### Instructions to follow
All pictures are to be omitted while the lines starting at the line with "Haris ShakeeI Inspired" and ending at the line with "Jachetă matlasată Jack" in the material below are retyped exactly, both ends included.

### Source data
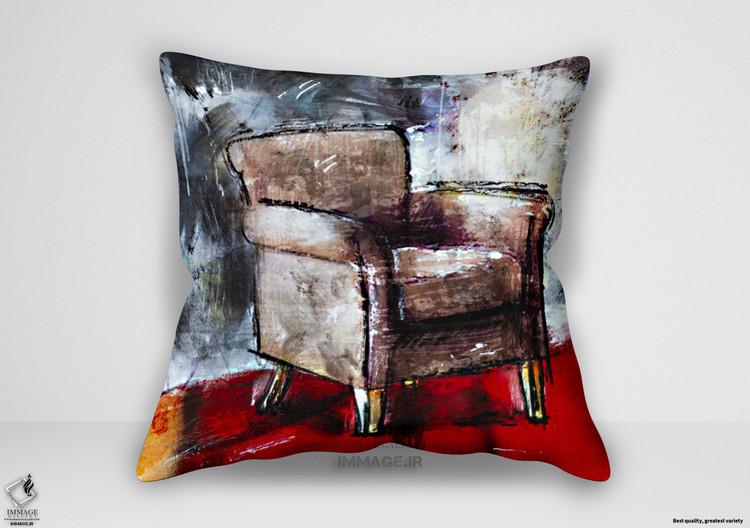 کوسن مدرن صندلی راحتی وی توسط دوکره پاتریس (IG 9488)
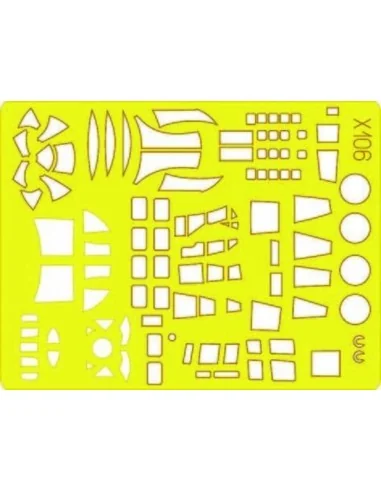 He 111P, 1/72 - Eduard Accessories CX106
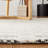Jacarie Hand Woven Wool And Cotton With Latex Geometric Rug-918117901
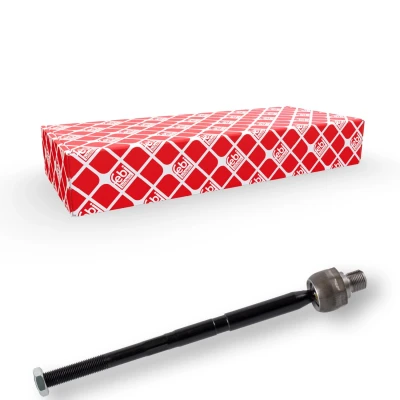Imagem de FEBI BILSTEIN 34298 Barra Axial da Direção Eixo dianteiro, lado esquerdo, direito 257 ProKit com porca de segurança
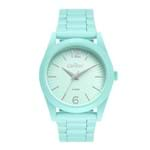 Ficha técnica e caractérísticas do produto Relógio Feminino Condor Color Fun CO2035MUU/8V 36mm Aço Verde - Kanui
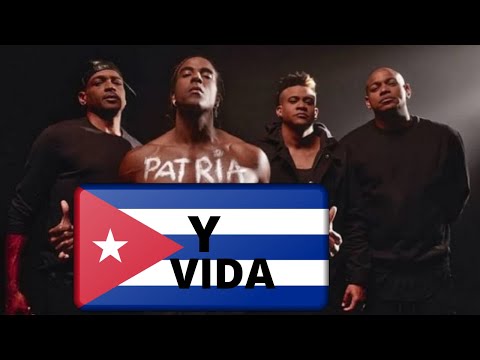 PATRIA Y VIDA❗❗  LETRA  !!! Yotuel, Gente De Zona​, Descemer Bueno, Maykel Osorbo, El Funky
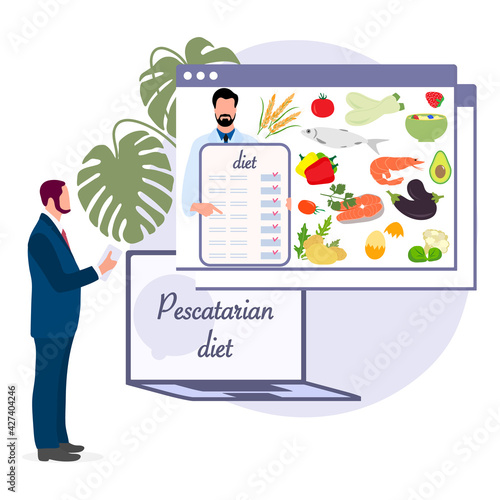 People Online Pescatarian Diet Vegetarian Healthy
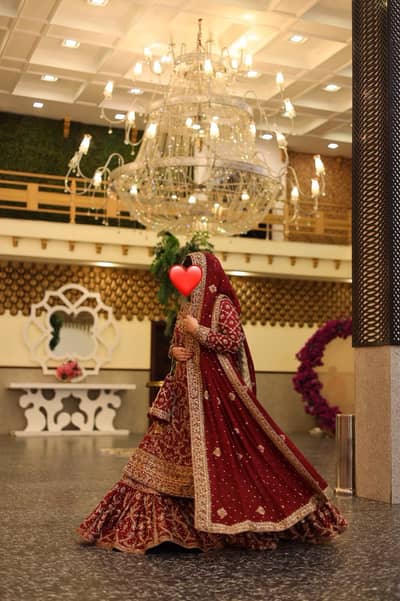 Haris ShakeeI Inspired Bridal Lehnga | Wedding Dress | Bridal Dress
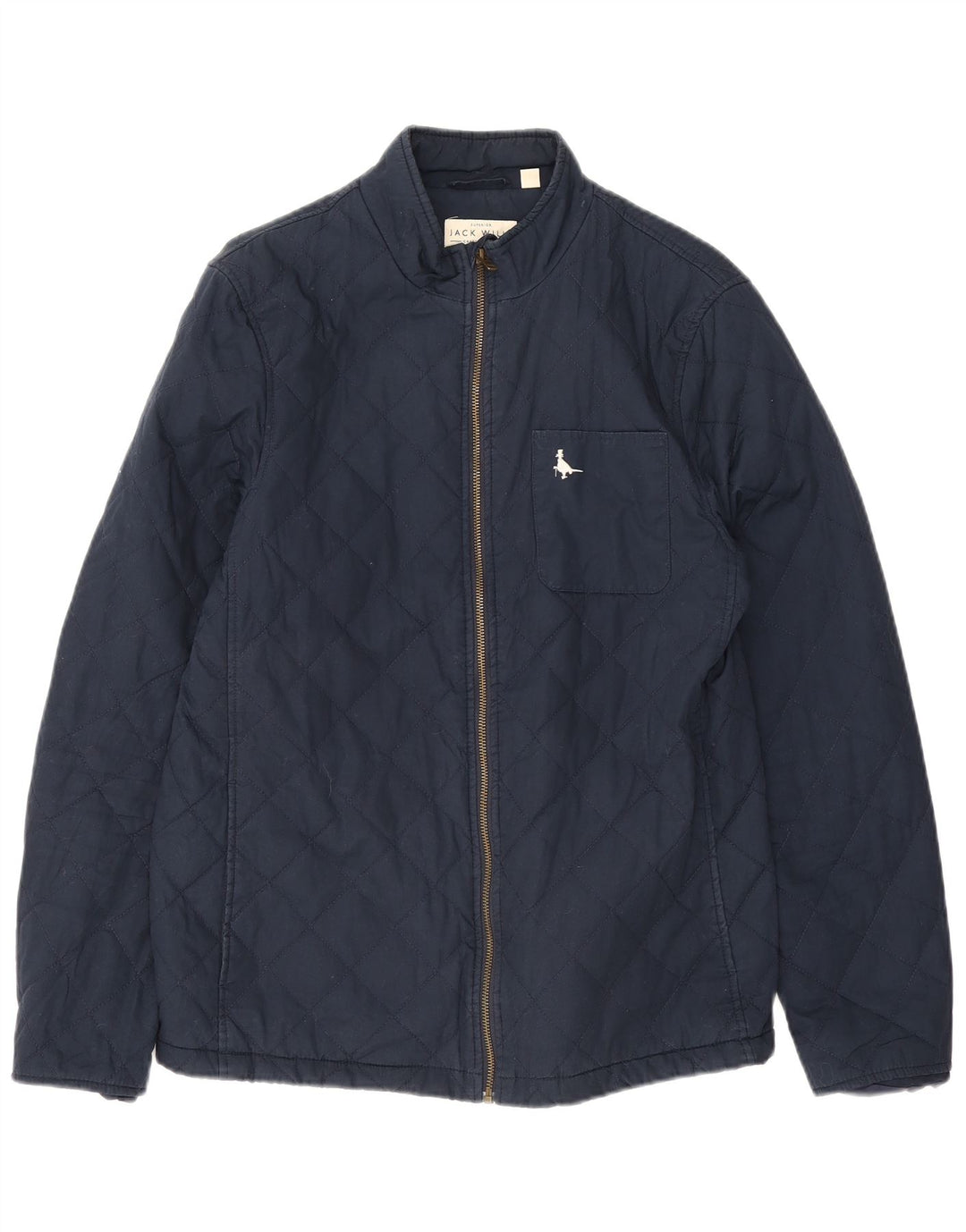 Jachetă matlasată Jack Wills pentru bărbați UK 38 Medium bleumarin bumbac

--

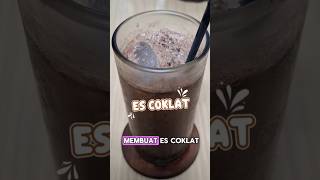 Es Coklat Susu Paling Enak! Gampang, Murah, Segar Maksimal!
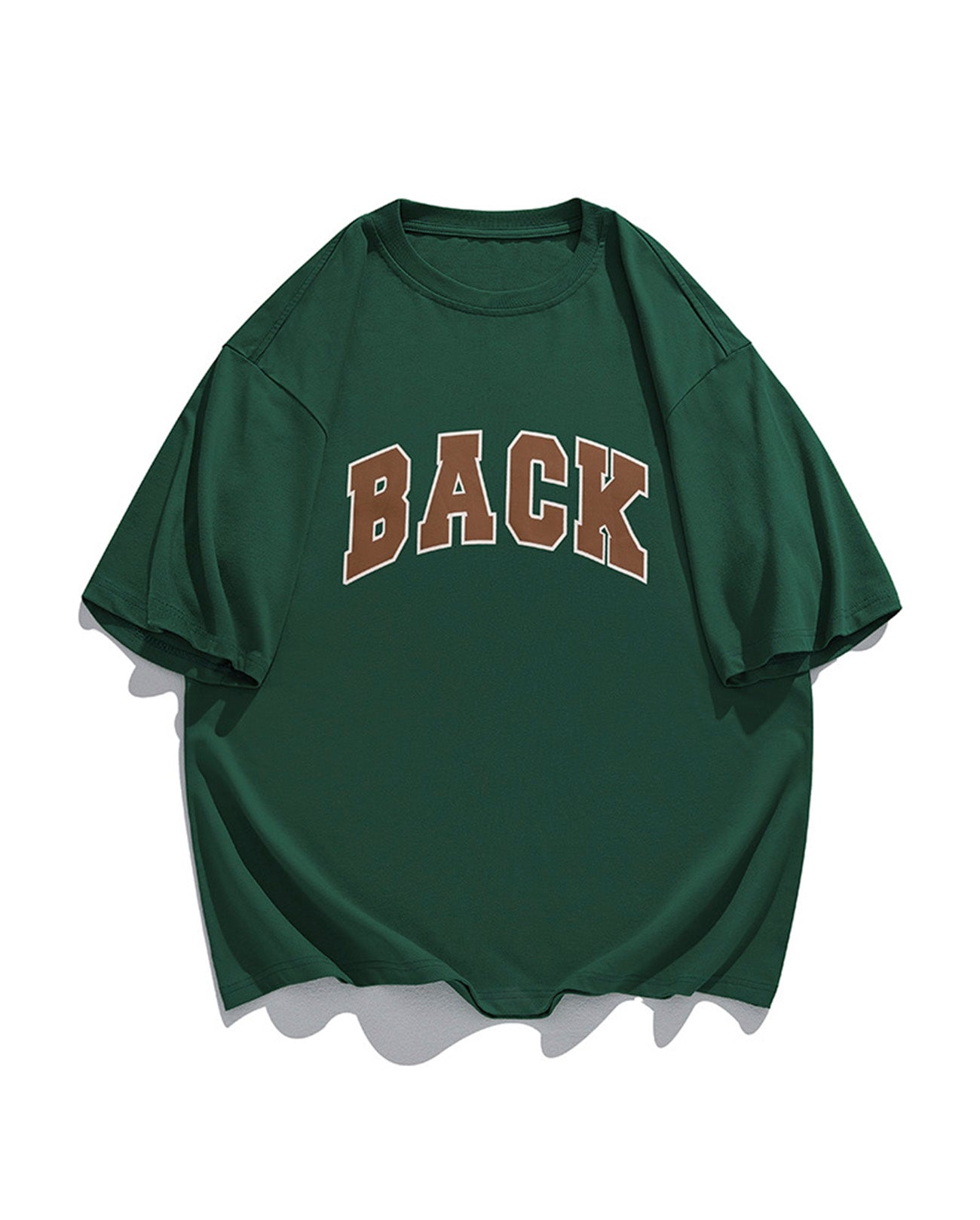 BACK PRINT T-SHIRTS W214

### Answer space
 Haris ShakeeI Inspired Bridal Lehnga | Wedding Dress | Bridal Dress
 Jachetă matlasată Jack Wills pentru bărbați UK 38 Medium bleumarin bumbac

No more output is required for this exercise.